GEOG 328V. Geography of Latin America

3 Credits (3)

Explores Latin America from a geographical perspective, integrating environmental, cultural and socioeconomic factors in an in-depth study of the development of the region and contemporary issues and challenges facing the region. Special focus is given to examining applied problems facing Latin America at a range of scales.

GEOG 331V. Europe

3 Credits (3)

Focus on the cultural continent of Europe. An overview of climate, physical geography, and human geography of Europe, including a brief historical geography of the continent. Current environmental, social, and political issues of Europe will be discussed, with a particular focus on the fate of EU.

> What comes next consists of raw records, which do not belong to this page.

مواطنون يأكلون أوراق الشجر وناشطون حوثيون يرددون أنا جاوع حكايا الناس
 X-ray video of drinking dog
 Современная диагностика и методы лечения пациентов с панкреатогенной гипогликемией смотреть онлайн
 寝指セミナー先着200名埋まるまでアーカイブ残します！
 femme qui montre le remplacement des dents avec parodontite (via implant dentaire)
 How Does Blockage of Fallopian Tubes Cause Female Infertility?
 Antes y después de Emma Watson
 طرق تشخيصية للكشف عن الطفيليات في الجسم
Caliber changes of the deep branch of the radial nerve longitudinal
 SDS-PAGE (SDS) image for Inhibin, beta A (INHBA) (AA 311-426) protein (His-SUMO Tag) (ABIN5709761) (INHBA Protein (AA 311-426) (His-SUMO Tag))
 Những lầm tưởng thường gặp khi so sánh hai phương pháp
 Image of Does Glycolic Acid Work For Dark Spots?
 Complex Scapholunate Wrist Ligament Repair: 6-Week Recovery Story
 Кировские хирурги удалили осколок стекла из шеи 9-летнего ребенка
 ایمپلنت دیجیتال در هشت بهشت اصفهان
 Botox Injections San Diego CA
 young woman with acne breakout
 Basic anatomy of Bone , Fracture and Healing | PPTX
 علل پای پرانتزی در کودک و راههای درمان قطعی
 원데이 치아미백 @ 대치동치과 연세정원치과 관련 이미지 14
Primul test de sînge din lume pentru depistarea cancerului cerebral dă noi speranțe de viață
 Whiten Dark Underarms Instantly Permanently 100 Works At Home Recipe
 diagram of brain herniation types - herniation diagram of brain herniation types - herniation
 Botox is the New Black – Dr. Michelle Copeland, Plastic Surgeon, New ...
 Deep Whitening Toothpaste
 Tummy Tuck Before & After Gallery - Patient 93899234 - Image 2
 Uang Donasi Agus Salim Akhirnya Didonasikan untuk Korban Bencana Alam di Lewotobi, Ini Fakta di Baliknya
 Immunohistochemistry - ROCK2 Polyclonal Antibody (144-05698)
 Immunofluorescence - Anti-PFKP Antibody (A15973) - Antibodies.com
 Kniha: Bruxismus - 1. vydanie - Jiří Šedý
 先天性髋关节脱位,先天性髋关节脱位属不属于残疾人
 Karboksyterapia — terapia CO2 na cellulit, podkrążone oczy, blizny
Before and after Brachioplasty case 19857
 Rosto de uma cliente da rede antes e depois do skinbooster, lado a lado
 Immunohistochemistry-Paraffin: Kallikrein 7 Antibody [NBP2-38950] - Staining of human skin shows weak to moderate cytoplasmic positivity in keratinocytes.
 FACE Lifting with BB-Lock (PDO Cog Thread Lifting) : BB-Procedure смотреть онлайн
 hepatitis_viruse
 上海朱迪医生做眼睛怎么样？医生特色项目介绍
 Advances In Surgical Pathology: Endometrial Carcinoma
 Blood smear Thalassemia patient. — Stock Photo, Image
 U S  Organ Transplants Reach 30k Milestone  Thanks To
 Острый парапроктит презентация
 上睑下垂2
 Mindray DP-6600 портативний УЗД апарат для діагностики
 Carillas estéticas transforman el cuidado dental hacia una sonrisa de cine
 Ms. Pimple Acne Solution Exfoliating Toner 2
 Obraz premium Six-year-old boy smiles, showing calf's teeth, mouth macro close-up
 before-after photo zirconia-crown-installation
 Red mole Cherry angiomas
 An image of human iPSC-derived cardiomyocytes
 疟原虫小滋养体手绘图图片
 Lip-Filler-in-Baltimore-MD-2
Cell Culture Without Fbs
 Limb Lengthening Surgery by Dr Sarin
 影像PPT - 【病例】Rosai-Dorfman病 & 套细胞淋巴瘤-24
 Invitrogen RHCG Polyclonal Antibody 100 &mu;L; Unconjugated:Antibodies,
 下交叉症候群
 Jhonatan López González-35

GEOG 351. Fundamentals of Biogeography

3 Credits (3)

Exploration of life in space and time. Floristic and physiognomic characteristics of the Earth's major ecosystems and their distributions; ecosystem dynamics, evolution, and physical environment. Includes an individual research project resulting in a poster presentation. Crosslisted with: GEOG 557.

GEOG 353. Geomorphology

3 Credits (2+3P)

Examination of the principle theories and concepts of landform creation; exploration of the roles of structure, processes, climate, and time in the formation of various types of landforms. Taught with GEOG 553. Crosslisted with: GEOL 353.

GEOG 357. Climatology

3 Credits (3)

Elements and controls of climate. Energy and hydrologic cycles, general circulation, climate classification, distribution of climate types, microscale effects, applications.

Learning Outcomes
  1. Students will be able to describe the fundamental processes that create climate on Earth. Students will be able to describe the physical laws that comprise the climate system. Students will be able to describe the trends in Earth's climate system. Students will be able to summarize our current knowledge of climate change.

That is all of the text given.